Bir zamandır, yalnız 20. yüzyıl tarihi içinde değil, tüm insanlık geçmişi içinde tekil olan Holokost ile ilgili bazı çalışmalar düzenlemeye çalışıyoruz. Hedefimiz salt Yahudi toplumu değil. Önümüzde konu hakkında hiç bilgisi ve ilgisi olmayan bir Türkiye var. İlgili olanlar kırıntı ebadındaki bilgileri ya kirliliğin ayyuka çıktığı internet sitelerinden alıyorlar, ya da Holokost reddini kendilerine rant kapısı yapmış akademisyenlerin sözde bilimsel kitaplarından…

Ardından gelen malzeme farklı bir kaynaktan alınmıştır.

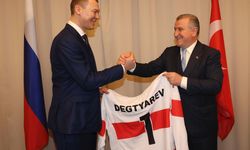 Spor Bakanı Osman Aşkın Bak Saint Petersburg’da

Bu satırları bana yazdıran, Haaretz’de gördüğüm bir makale… “Yad Vashem’in yeni programı, Araplara Holokostu öğretmeyi amaçlıyor” diye yola çıkıyor. Oysa özellikle 1948 süreci içinde şu veya bu şekilde yerlerinden olmuş Filistinli Araplar için Holokost ile İsrail Devleti’nin kuruluşu arasında çok sıkı bir ilişki var. Makalenin ifade ettiği gibi, bir yerde, “Holokost, kendi sefaletlerinin hızlandırıcısı olmuştur…” Dolayısı ile savaş esnasında Avrupa Yahudiliğinin başına gelenleri öğrenmek, onlara sempati ile yaklaşmak bir yerde kendi var oluşları ile tezat teşkil edecek… Bati Şeria’da ve Gazze’de yaşayan Filistinli Araplar, zaten, Holokostu bir ‘mit’ olarak kabul eden siyasi bir söylemin takipçileridirler… Bunun, İsrail vatandaşı 1,2 milyon Arap için de geçerli olduğunu söylemek çok da yanlış olmaz. Holokost’u anlamak, yüzyılı aşkın bir süredir Filistin toprakları için savaşan yığınlar için, İsrail’in varlığını tanımak ile eş değerdir… ( Haaretz – 13.12.2010 )
Unutulmamalıdır ki savaş esnasında, hatta öncesinde, 1933’te Nasyonal Sosyalist Partisi lideri Adolf Hitler’in Alman Şansölyesi ilan edilmesi ile başlayan ve Yahudi düşmanlığının en üst mertebesi olan Nihai Çözüm’e uzanan süreçte Araplar, Almanların yanında saf tutmuş, Filistin’in, kuzeyde Kafkaslar üzerinden, güneyde Afrika üzerinden gelen Alman orduları tarafından yutulması için ellerinden gelen her tür desteği vermişlerdir. Filistin’deki İngiliz manda idaresinin Arap toplumu lideri olarak tanıdığı Kudüs Müftüsü Hacı Emin El Hüseyni’nin Berlin’de Hitler’le görüştüğü ve kendisinden Büyük Arap Devleti için destek istediği bilinmekte. Bunu yaparken El Hüseyni bir taşla iki kuş vurmanın keyfini yaşıyordu muhtemelen: Bir yanda siyaseten doğrudan karşısına aldığı, Almanya’nın Avrupa’daki en büyük düşmanı, İngiltere ile hesaplaşıyor, öte yanda, Yahudi düşmanlığını delilik sınırında yaşayan bir düşünceye, “kendi Yahudilerinden” kurtulmak adına, kapıyı ardına kadar açıyordu.
Şimdi Yad Vashem, işte bu geleneğin mirasçılarına Holokost’u anlatmak istiyor. Muhtemelen Yahudi tarihinin bir parçası olarak değil, bir insanlık trajedisi olarak… Arap eğitimciler ise, böylesi bir girişimin gerilimi arttıracağını söylüyorlar. Onlar, Nakba’yı kendi eğitim programlarına yeteri kadar almayan İsrail’in böylesi bir girişiminin adil olmayacağı görüşündeler.
İsrail’de durum ne olursa olsun, Türkiye’de bizler, tarihin bu karanlık dönemini bir film şeridi veya bir roman kıvamında değil, gerçeğin en çıplak yalınlığı ile paylaşmak zorundayız. Türkiye, Birleşmiş Milletler Genel Kurulunun 2005’te aldığı karar uyarınca, Auschwitz’in Rus orduları tarafından kurtarıldığı 27 Ocak tarihini Holokost Kurbanlarını Anma Günü olarak kabul etmiş ülkelerden biri… Bu anlamda, konuyu gündelik siyasetin kirine bulaştırmadan irdelemek ve olabildiğince topluma mal etmek gerek… Zor, ama neden olmasın?